However, one of the better trained regiments under the command of Colonel (Comrade) Ne Win managed to stop the advancing Communist troops (commanded by his Thirty Comrades peers) for a period of time sufficient for the government’s political maneuvering and media spin to cause a deep crack in the mutual trust between the Communist and the ethnic forces. Mere weeks later, all ethnic and Communist units were back at their strongholds in the frontier areas, and on the defensive.
The decade of quiet war and the aftermath
The following decade, of considerably quiet development on the path of U Nu’s Buddhist Socialism, turned out to be a short break in the war. Hostilities never stopped, the conflict only moved to the mountainous frontiers where fighting is much harder than in the plains, and it burned as a slow flame there until both sides – or rather, every side of that war, were ready for another major clash. It came in 1958 and resulted in another semi-defeat of the armed opposition to the government – and brought about the change of government.
President U Nu explained in his multiple dispatches to the nation that for the time being it was better to have a military government, and appointed Ne Win, already a General, to head it. By that act U Nu, one of the best and brightest representatives of the Asian intelligentsia, by a unilateral decision created the first military government of Burma and gave the Burmese military the first taste of political power. In 1960 he took the power back, but not for long.

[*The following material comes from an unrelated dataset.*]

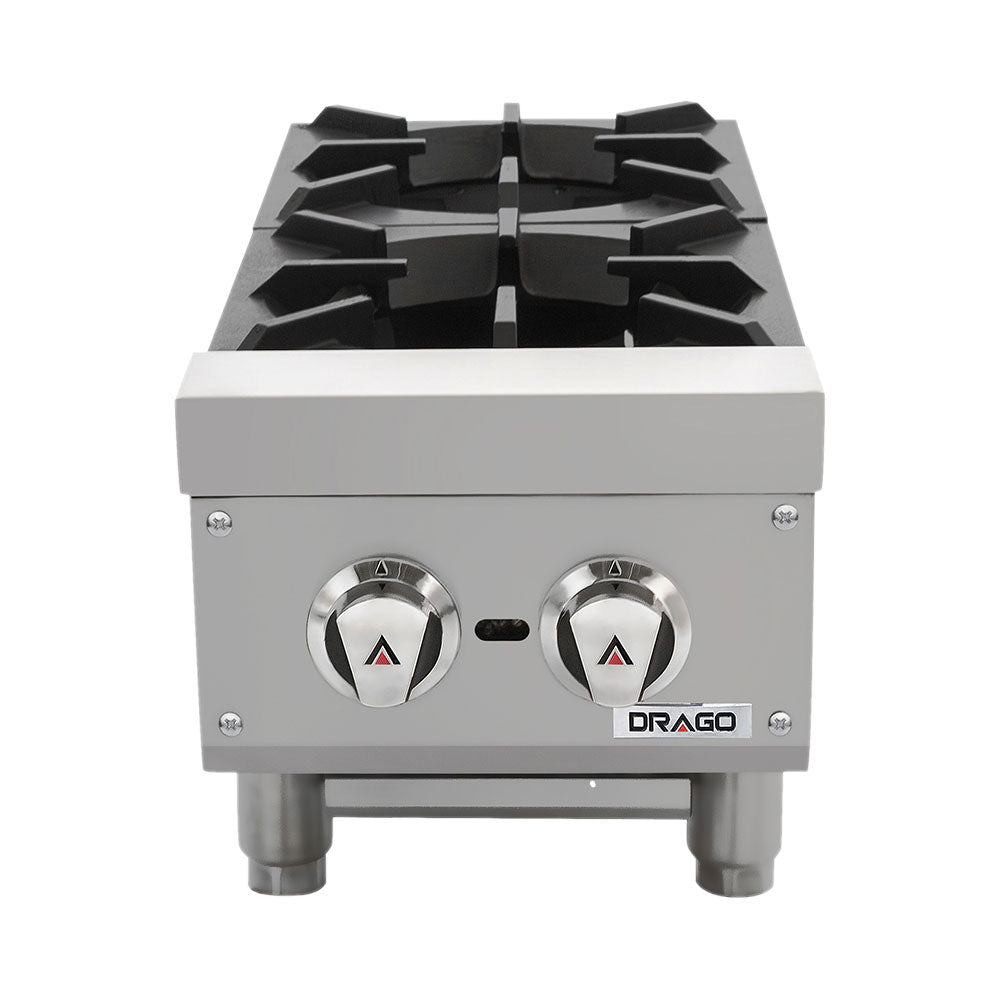 PARRILLA A GAS DE 2 QUEMADORES MODELO CG-20 MARCA DRAGO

It turned out that U Nu’s policies and his blind personal trust in many of his subordinates had created a huge network of corruption centered on the government and parliament of the country. Among the population, the term ‘member of parliament’ became a synonym of a ‘crook, a totally corrupt person’ and pro-Communist sentiment began to rise. The ethnic militants were once again ready to form an alliance with the Communist party of Burma (now split in two wings: the Maoist and the Leninist).
That is why, when in 1962 General Ne Win organized a coup and took power from U Nu, the majority of the public supported his move. From the very first step, Ne Win and his group proclaimed the idea of ‘The Burmese Way to Socialism,’ on the one hand dismissing the Burmese Communists’ claim to the monopoly on the Socialist ideology and, on the other, placing a well-funded claim for the legitimacy of their ‘succession’ of ‘Buddhist Socialism.’
Nonetheless, persuading the outer world, including India, the Soviet Union, and the Non-Alignment Movement, took a lot of effort and spin. In the first years after the coup, government publications in English became much better in quality (Ne Win hired Western professionals to improve the nation’s English newspapers and magazines). But after a few years, that practice went out of fashion together with the English tong itself when even teaching of English at schools was cut back, leaving only one hour a week for secondary and two hours a week for high schools.
Time takes its toll
From 1962 till 1989 the Burmese civil war was again trapped in the frontiers, never ending, never escalating. But the spin and propaganda went on and on. In the Communist party, which had the largest fighting force in the 1950s, a ‘cultural revolution’ copied from the Chinese experience decimated the rank and file and eliminated the top leaders, such as Thakin Tan Tun. By the late 1970s, Beijing struck a deal with Washington and as a side effect stopped supplying the Burmese communists.
The Communist army by then consisted of 80% hill tribe soldiers (the Red Wa mainly) who were not even deeply indoctrinated, and 20% Burmese officers with some pre-civil war background and a bit of knowledge about Marxism. No surprise, given the fact that Communist troops operated in the Golden Triangle area, that the Communists decided to enter the only lucrative business around: production and trafficking in illicit drugs. The remnants of that force, minus the true Communist officers who have died out, are still involved in drug trafficking up there in the mountains today, only the opium and heroin have been replaced by amphetamines.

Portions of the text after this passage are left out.